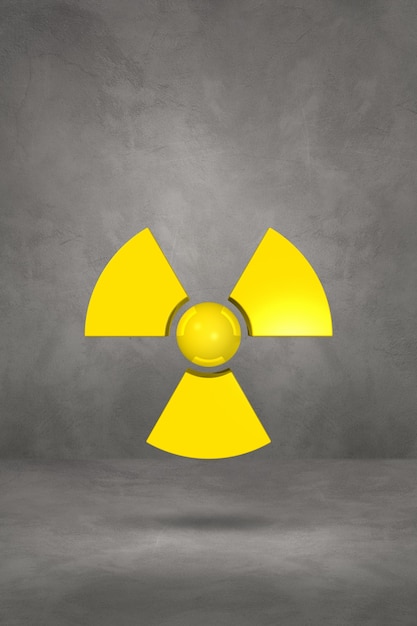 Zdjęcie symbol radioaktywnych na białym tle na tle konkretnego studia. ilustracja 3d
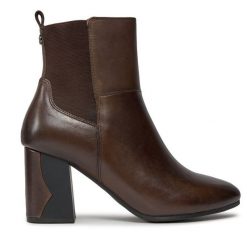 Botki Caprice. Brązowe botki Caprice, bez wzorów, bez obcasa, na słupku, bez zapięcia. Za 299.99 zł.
==
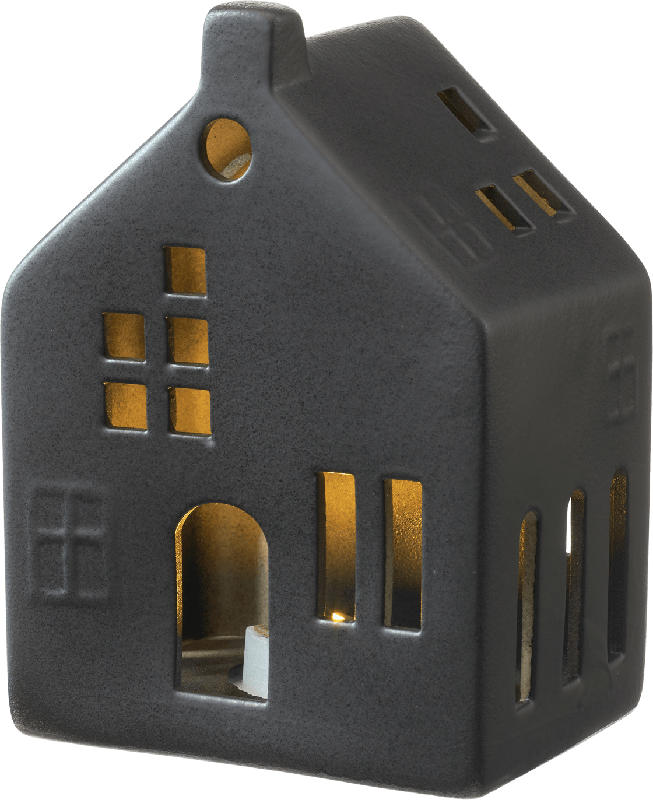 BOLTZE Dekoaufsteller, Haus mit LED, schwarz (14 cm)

▶ [Exercise goal]: Set down again, exactly, every line above from the one with "Zdjęcie symbol radioaktywnych" down to the one with "Botki Caprice. Brązowe", both ends included. No pictures, and nothing else.

▶ [Exercise answer]:
 Zdjęcie symbol radioaktywnych na białym tle na tle konkretnego studia. ilustracja 3d
 Botki Caprice. Brązowe botki Caprice, bez wzorów, bez obcasa, na słupku, bez zapięcia. Za 299.99 zł.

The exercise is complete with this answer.